• Exercise requirements: Your copy should hold only the lines from the one holding "Exploration des Jardins" through the last line of the records below, both included, each exact and with no pictures.

### Records to process ###

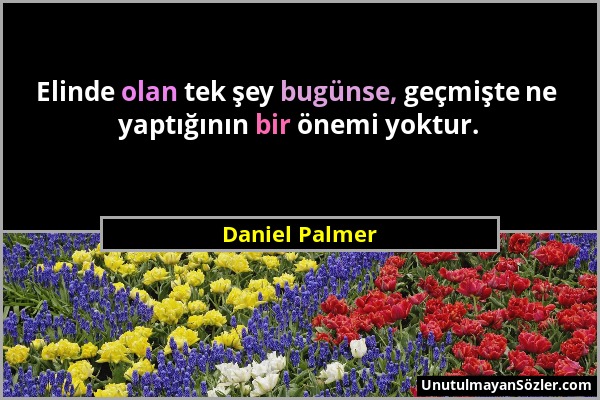 Daniel Palmer - Elinde olan tek şey bugünse, geçmişte ne yaptığının bir önemi yoktur....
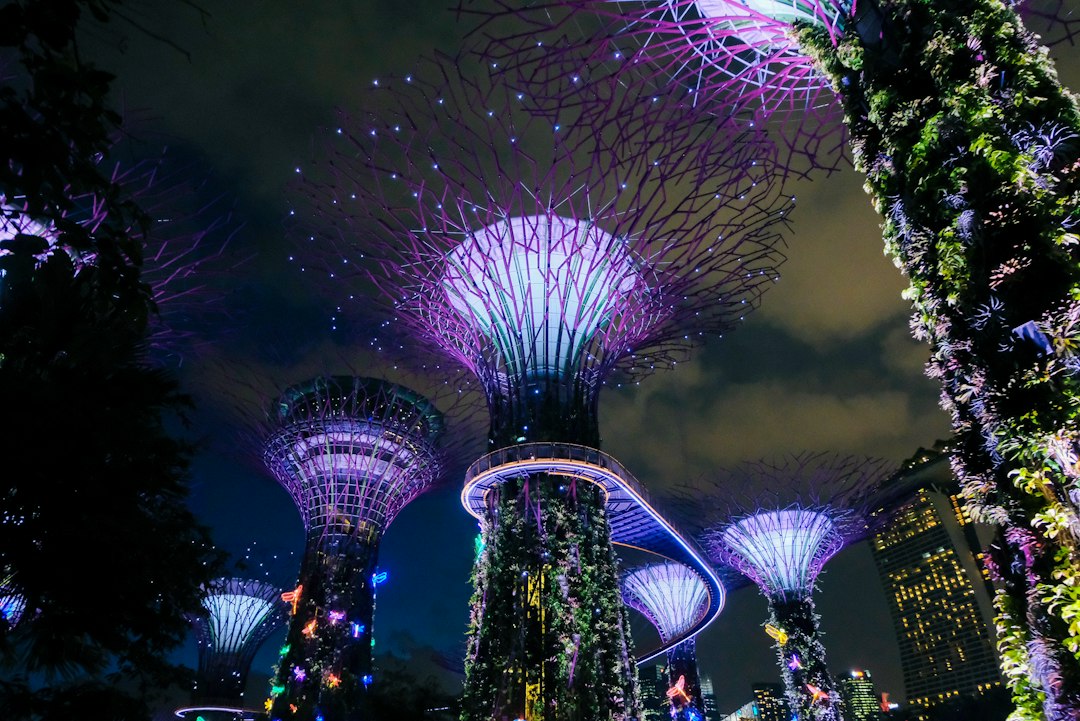 Exploration des Jardins de Gardens by the Bay - 18 Marina Gardens Dr | Secret World Trip Planner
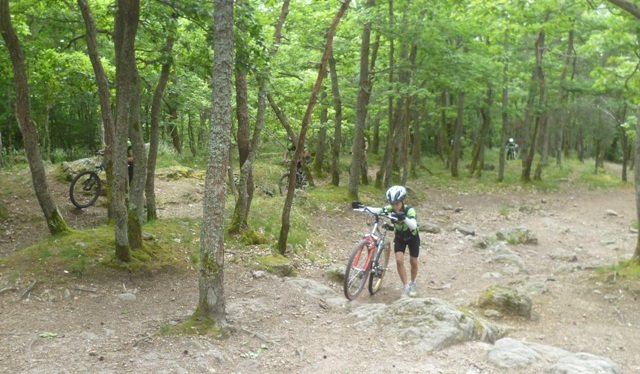 Ecole - séance du samedi 22 juin dans les Monts du Lyonnais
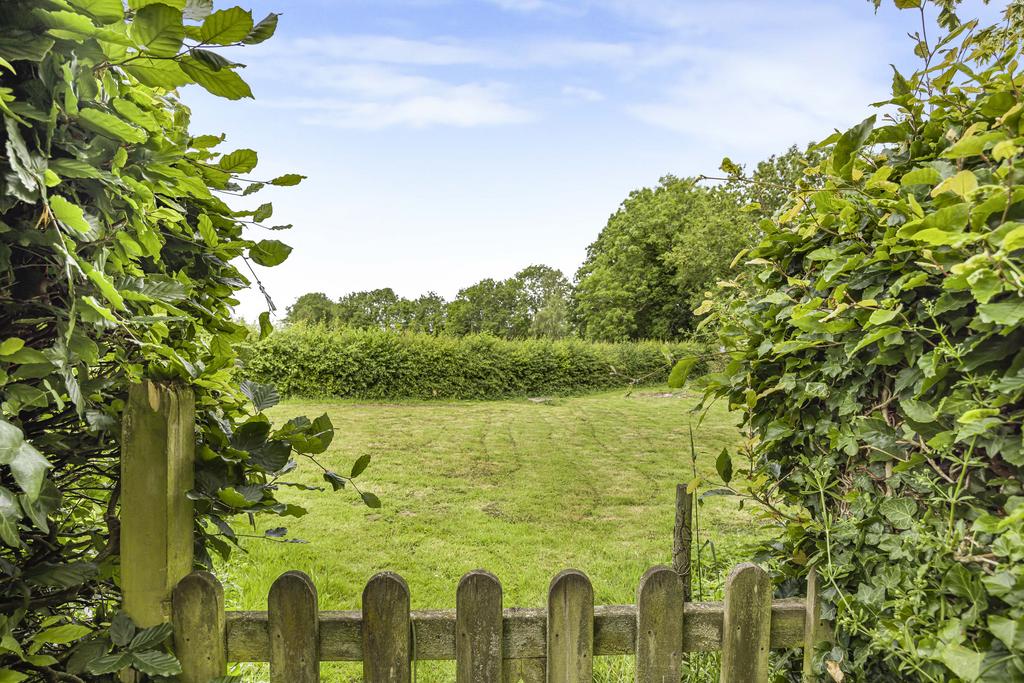 126 55944
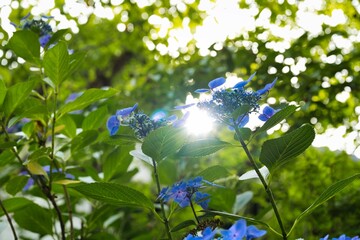 紫陽花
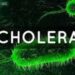 WHAT YOU SHOULD KNOW ABOUT CHOLERA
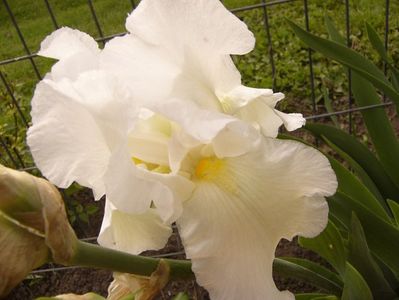 Iris Lacy Snowflake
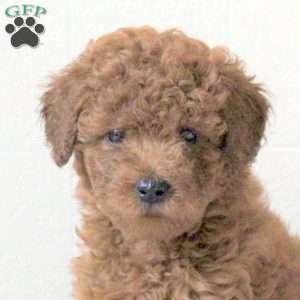 Indy, Cavapoo Puppy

###

• Completed exercise:
 Exploration des Jardins de Gardens by the Bay - 18 Marina Gardens Dr | Secret World Trip Planner
 Ecole - séance du samedi 22 juin dans les Monts du Lyonnais
 126 55944
 紫陽花
 WHAT YOU SHOULD KNOW ABOUT CHOLERA
 Iris Lacy Snowflake
 Indy, Cavapoo Puppy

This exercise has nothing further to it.